Dataset original source:

- [Kaggle](https://www.kaggle.com/datasets/rmisra/news-headlines-dataset-for-sarcasm-detection)

Build a predictive model

- Compare: NB, KNN, SVM

Theorical sources

- [NB](https://en.wikipedia.org/wiki/Naive_Bayes_classifier)
- [KNN](https://www.codecademy.com/learn/introduction-to-supervised-learning-skill-path/modules/k-nearest-neighbors-skill-path/cheatsheet)
- [SVM](https://es.wikipedia.org/wiki/M%C3%A1quinas_de_vectores_de_soporte)

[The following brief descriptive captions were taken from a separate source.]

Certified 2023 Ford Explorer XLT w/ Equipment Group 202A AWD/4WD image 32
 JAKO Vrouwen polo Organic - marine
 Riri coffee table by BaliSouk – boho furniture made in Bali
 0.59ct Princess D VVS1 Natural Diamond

Sklearn algorithm references

- [Column Transformer](https://scikit-learn.org/stable/modules/generated/sklearn.compose.make_column_transformer.html)
- [One Hot Encoder](https://datagy.io/sklearn-one-hot-encode/)
- [Text feature extraction](https://scikit-learn.org/stable/modules/feature_extraction.html#text-feature-extraction)
- [NB](https://scikit-learn.org/stable/modules/naive_bayes.html)
- [KNN](https://scikit-learn.org/stable/modules/generated/sklearn.neighbors.KNeighborsClassifier.html)
- [SVM](https://scikit-learn.org/stable/modules/generated/sklearn.svm.SVC.html)

In [226]:
import pandas as pd

In [227]:
dataset_name = 'Sarcasm_Headlines_Dataset.json'

In [228]:
df = pd.read_json(dataset_name, lines=True)
df.head()

Unnamed: 0,article_link,headline,is_sarcastic
0,https://www.huffingtonpost.com/entry/versace-b...,former versace store clerk sues over secret 'b...,0
1,https://www.huffingtonpost.com/entry/roseanne-...,the 'roseanne' revival catches up to our thorn...,0
2,https://local.theonion.com/mom-starting-to-fea...,mom starting to fear son's web series closest ...,1
3,https://politics.theonion.com/boehner-just-wan...,"boehner just wants wife to listen, not come up...",1
4,https://www.huffingtonpost.com/entry/jk-rowlin...,j.k. rowling wishes snape happy birthday in th...,0


In [229]:
df.shape

(26709, 3)

In [230]:
df.isna().sum()

article_link    0
headline        0
is_sarcastic    0
dtype: int64

In [231]:
extract_transmitter = lambda source : source.split('.')[1]
df['transmitter'] = df['article_link'].apply(extract_transmitter)

In [232]:
df.drop('article_link', inplace=True, errors='ignore', axis=1)
df.head()

Unnamed: 0,headline,is_sarcastic,transmitter
0,former versace store clerk sues over secret 'b...,0,huffingtonpost
1,the 'roseanne' revival catches up to our thorn...,0,huffingtonpost
2,mom starting to fear son's web series closest ...,1,theonion
3,"boehner just wants wife to listen, not come up...",1,theonion
4,j.k. rowling wishes snape happy birthday in th...,0,huffingtonpost


In [233]:
# todo: encode transmitter columns
df['transmitter'].unique()

array(['huffingtonpost', 'theonion'], dtype=object)

In [234]:
from sklearn.preprocessing import OneHotEncoder
ohe = OneHotEncoder()
transmitter_transformed = ohe.fit_transform(df[['transmitter']])
print(ohe.categories_)
print(transmitter_transformed.toarray()[0:5])
# this could be a way to transform this columns but
# I'll use ColumnTransfomer class to acomplish this
# df[ohe.categories_[0]] = transmitter_transformed.toarray()
# df.head()

[array(['huffingtonpost', 'theonion'], dtype=object)]
[[1. 0.]
 [1. 0.]
 [0. 1.]
 [0. 1.]
 [1. 0.]]


In [236]:
from sklearn.preprocessing import OneHotEncoder
from sklearn.compose import make_column_transformer

transformer = make_column_transformer(
    (OneHotEncoder(), ['transmitter']),
    remainder='passthrough')

transformed = transformer.fit_transform(df)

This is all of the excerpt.